The DCM is covered well in the data sheets.

The Spartan3 DC & Switching data sheet specifies a tap resolution of 30 to

60 ps.

The variable phase shift is different between Spartan3 and Spartan3E. Since you're using Spartan3, the "older" style of variable phase shift is used: each PSINCDEC event is 1/256 of the CLKIN, not 1 tap delay. The Spartan3 Functional data sheet has 3 paragraphs on Variable Phase Shift mode that talks about the 1/256 increment. What might not be clear is that there is a period after the PSINCDEC event before the next event can be applied, providing a fundamental limit to the speed of phase adjustment the system can attain. Those details are also mentioned in the same paragraphs.

Each PSINCDEC event *might not* result in a tap change since ~40 ps corresponds to 10 ns. Faster than ~100 MHz will have more than one event per tap change on average. Slower than ~100 MHz (the DCM is good to 25 MHz) you get more than one tap changed per event on average. The transition point is dependent on the actual tap delay.

Happy reading!

• posted

Peter A. can probably help. It sounds like you are looking for a simple controlled delay line, with predictable behaviour ?

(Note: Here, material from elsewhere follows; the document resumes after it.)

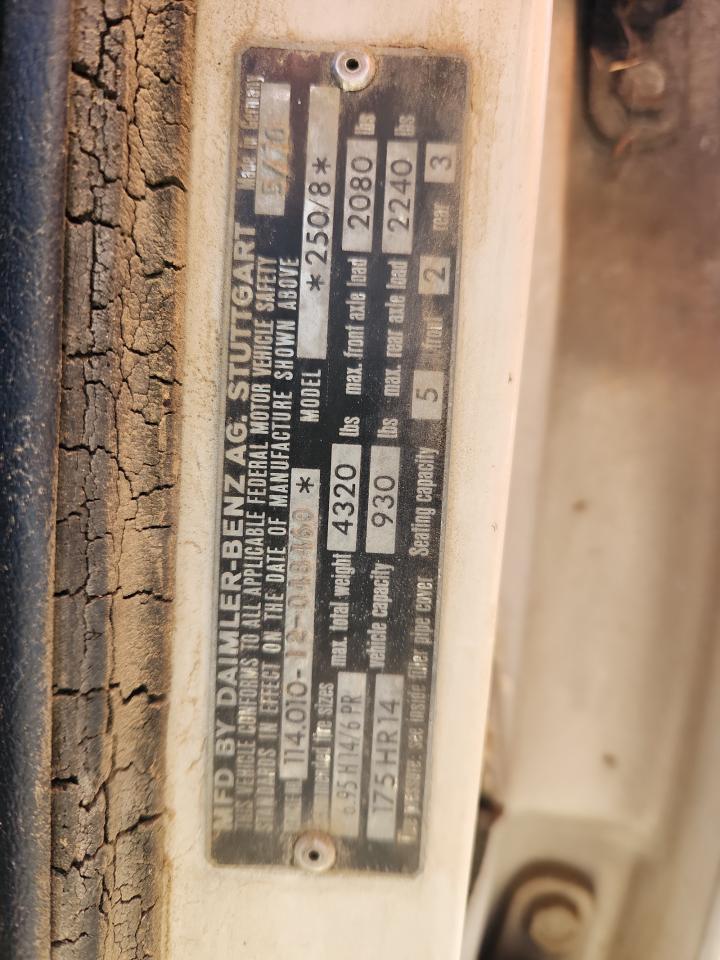 Lot #3270789882 1970 MERCEDES-BENZ 250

The DCM is a lot more than that: when you see signals like 'locked' and PSDONE, and mention of negative delays, then there is more 'under the hood' than a simple delay line.

Thus you are likely to see jitter, but ISTR Peter A. has mentioned there are ways to 'dumb down' the DCM, to a simpler subset, but more predictable operation.

ie your challenge is likely to be (somehow) turning off the features you do not need :)

-jg

• posted

Craig,

The delay line has many taps, but the phase shifter has only 256 possible settings (from 0/256 to 255/256 of one period).

So, if you increment, or decrement, you will phase shift by 1/256 of a period, or by nothing at all (if 1/256 of a period is less than one tap of the physical delay line).

Take a "simple" case of 39.063 MHz (25.6 ns period):

1/256 of 25.6 ns = 100 ps

Each increment or decrement will phase shift by 100 ps (or the nearest tap granularity to the desired phase).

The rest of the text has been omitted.